Дача оказалась маленькой, но теплой и уютной, а главное, на самой окраине поселка, возле леса. Перед отъездом я позвонила в издательство, сообщила, что болела, а то они уже потеряли меня, и, договорившись с ними, быстренько к ним съездила. Отвезла большую законченную работу, даже деньги смогла сразу же получить за нее, — небывалый случай. Дочери сказала, что гуляла возле дома, врать, конечно, нехорошо, но она раскричалась бы, узнав правду. А всех дел-то, что съездила туда и обратно, зато о деньгах теперь думать не буду.
Мои, выгрузив и разместив меня и все мои вещи, сразу же обследовали окрестности, главным образом их интересовали почта и магазин. И то и другое имелось в наличии и исправно функционировало, что их порадовало, а меня, признаться, не очень. То есть против магазина я ничего не имела, но вот с почты мне надлежало систематически отзваниваться любимым родственникам. Но раз я им обещала звонить, значит, буду, не люблю нервировать людей, тем более попусту. Для облегчения и успокоения их душ я при них затопила печку, а они, проверив, что я на самом деле владею этим умением, и натаскав в сени побольше дров из сарайчика, наконец-то отбыли. Уже после их отъезда я вспомнила, что так и не выяснила, чья это дача. Кажется, каких-то Любашиных знакомых и этих знакомых сейчас нет, куда-то уехали и будут не скоро, не то через год, не то через два. В конце концов, какая разница, чья это дача, главное, что тут нет никого и я одна.
* * *
Проснулась я с чувством приятных перемен. Глаза открыла, вокруг меня все незнакомое, странное. Огляделась в недоумении — батюшки, да ведь я на даче! Ходики на стене, сделанные в виде кошачьей головы, с бегающими глазками-бусинками, которые я вчера старательно завела, показывали без четверти десять. Однако заспалась я. Печку пока растапливать не стала, и так тепло. Чайник подогрела на электроплитке, позавтракала, глядя за окно. На улице, по всему видно, стоял морозец. Любаша снабдила меня валенками — серыми, смешными, мохнатыми. Обула их, прошлась по дому — ступать в них было очень непривычно, ну, ничего, привыкну, зато тепло. Старательно оделась, как мне было велено: теплый платок на голову, даже не платок, целая шаль, дубленка, такие же варежки — ну ни дать ни взять баба, которую сажают на чайник. Выкатилась, как колобок, на улицу, все как у Пушкина — мороз и солнце! Везде искрится снег, но не как в городе — серый, а рафинадно-белый, только возле самых стволов сосен на снегу мелкие веточки, чешуйки коры, хвоя. Или это птицы, белки намусорили? Стояла я тихо, и на ближайший ко мне куст опустилась синичка, довольно большая, пузатенькая, брюшко как желтый шарик, а спинка сизенькая. Я ей негромко сказала: здравствуй, она наклонила голову набок, словно пыталась меня понять, я засмеялась, уж больно потешно она выглядела. Птичка, испугавшись, вспорхнула. Я прошлась неспешным шагом до магазина, но заходить в него не стала. На улице встретились мне несколько человек, пожилые здоровались, и я им отвечала, а те, что помоложе, только окидывали любопытным взглядом. Повернула к дому, который должен был на ближайшие недели стать моим пристанищем и, значит, могла временно считать его своим.
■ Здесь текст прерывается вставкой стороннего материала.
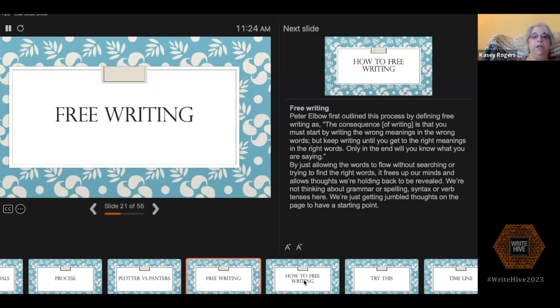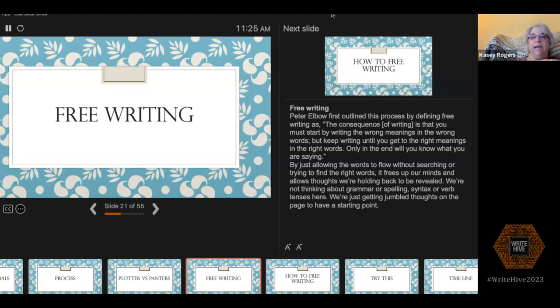Another thing that can get things going is free writing. The term was outlined by Peter Elbow, who defined it as: the consequence of writing is that you must start by writing the wrong meanings in the wrong words, but keep writing until you get to the right meanings in the right words — only in the end will you know what you are saying. Basically, you're allowing words to flow from your mind. Eventually you'll distill what you really want to say as you let those thoughts enter your brain unencumbered.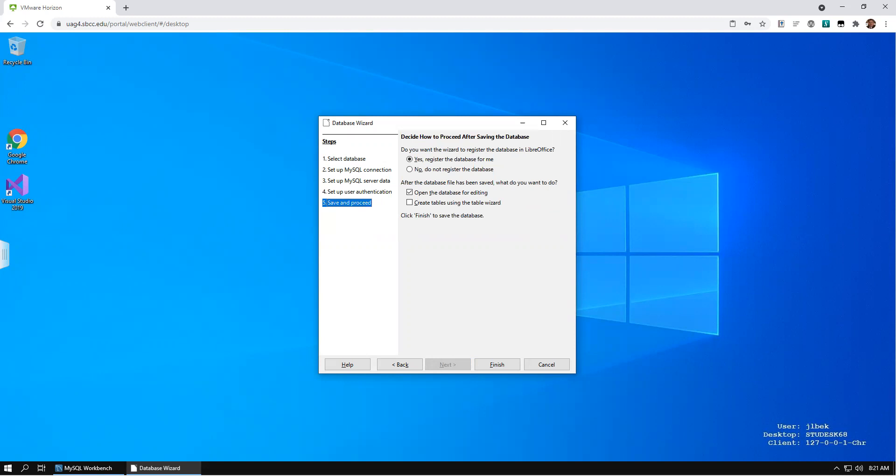Select Yes, register the database for me, and check the option Open the database for editing. Then click Finish.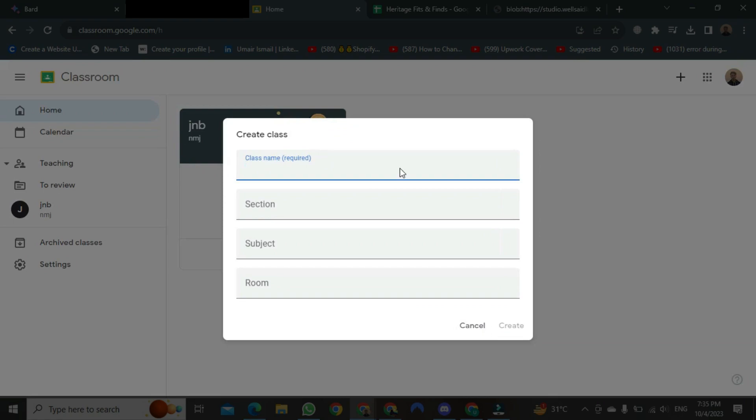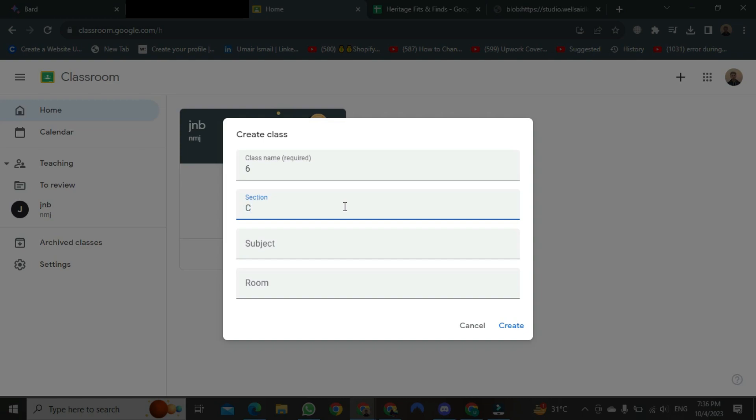After that, a new format will open. Here, you just need to add the class name, section, etc. For example, I am writing 6 in the section first. After that, come to the section. Here, I am writing C. After that, you need to write the subject. Here, I am writing math.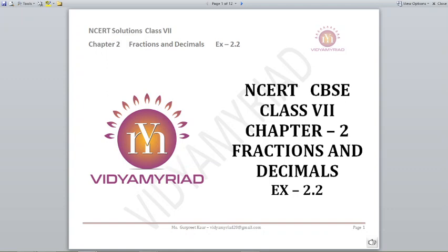Hello students, welcome to Vidya Mirak. This video is made for class 7, chapter 2, fractions and decimals, and today we are going to do exercise 2.2.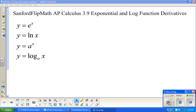Welcome to Sanford Flip Math. We are working on AP Calculus, wrapping up the derivatives chapter, working on the derivative for exponential and log functions. This is section 3.9 in our calculus book, Finney Demana Waits Kennedy — Calculus Graphical Numerical Algebraic for the AP exam. We are going to find derivatives for e to the x, natural log of x, and exponential and log functions with bases other than e.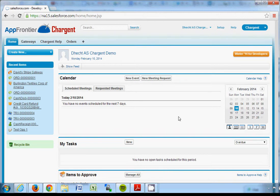Today I'm going to show you how you can integrate Chargent payment processing for Salesforce and Accounting Seed ERP in accounting for Salesforce with just a single checkbox.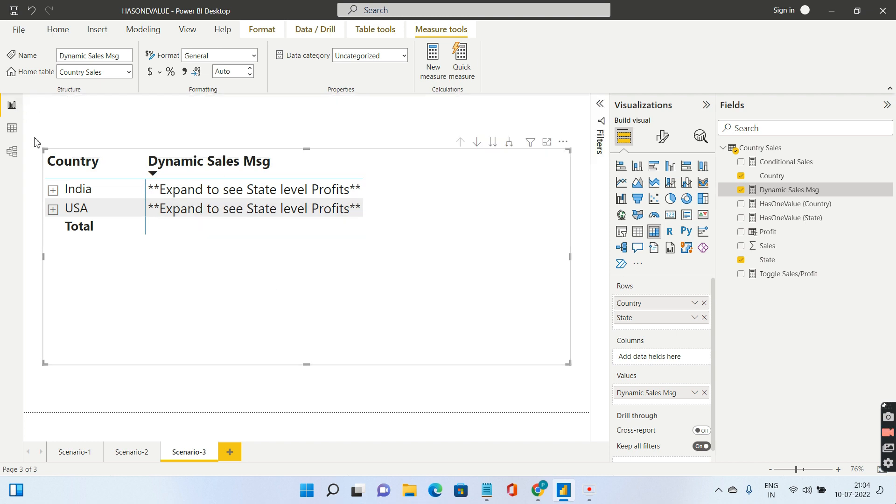That's how you can achieve this. This is a very simple DAX. I hope you're able to understand the functionality of has one value. If you like this video, go ahead and subscribe to my channel and encourage me with your likes. Thank you.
У соседнего дома стоял мужчина в полушубке без шапки, седые волосы серебрились на февральском солнце. Он смотрел в небо. Хотела молча проскочить мимо, но тут он опустил голову, я встретилась с ним глазами, поздоровалась и, сама не понимая зачем, остановилась. Вроде бы он смотрел на меня серьезно, во всяком случае, на его губах улыбки не было, но светло-карие глаза смеялись.
— С возвращением! — очень странно приветствовал он меня.
— Да я только вчера приехала, а раньше здесь никогда не была, — пробормотала я, почему-то смутившись.
— Я имею в виду жизнь. Трудно, но жить еще можно, а?!
И он улыбнулся мне. Ничего особенного в нем не было: среднего роста, худощавый, на вид чуть постарше меня, голова вся седая, но улыбка!.. Пожалуй, для меня это было чересчур, я смутилась донельзя и заторопилась домой.
Весь вечер я вспоминала соседа и все думала, почему он так сказал. Ведь не мог же он знать обо мне, мы совершенно незнакомы.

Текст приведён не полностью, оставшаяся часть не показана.